(GIVEN RECORDS)
*** Block opens ***

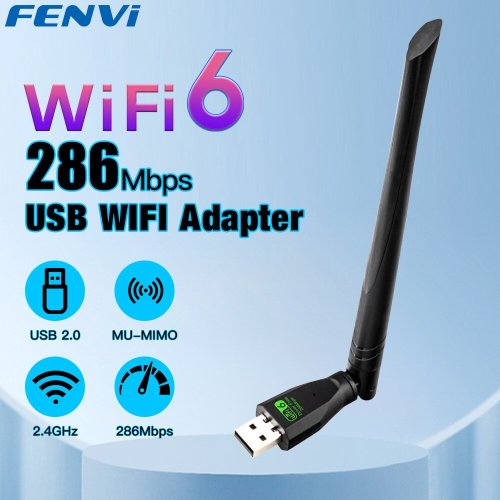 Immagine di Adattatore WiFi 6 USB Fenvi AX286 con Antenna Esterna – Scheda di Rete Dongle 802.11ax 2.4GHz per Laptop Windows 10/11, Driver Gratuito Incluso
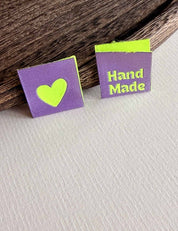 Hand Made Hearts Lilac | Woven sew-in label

*** Block closes ***
*** Block opens ***

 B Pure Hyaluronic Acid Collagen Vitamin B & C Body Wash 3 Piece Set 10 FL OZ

*** Block closes ***

(YOUR OBJECTIVE) When you reach the line containing "Immagine di Adattatore" in the entries above, begin restating word for word, and stop once the line containing "Hand Made Hearts Lilac | Woven sew-in label" has been given. Omit the pictures.

(OUTPUT FOR THIS EXERCISE)
 Immagine di Adattatore WiFi 6 USB Fenvi AX286 con Antenna Esterna – Scheda di Rete Dongle 802.11ax 2.4GHz per Laptop Windows 10/11, Driver Gratuito Incluso
 Hand Made Hearts Lilac | Woven sew-in label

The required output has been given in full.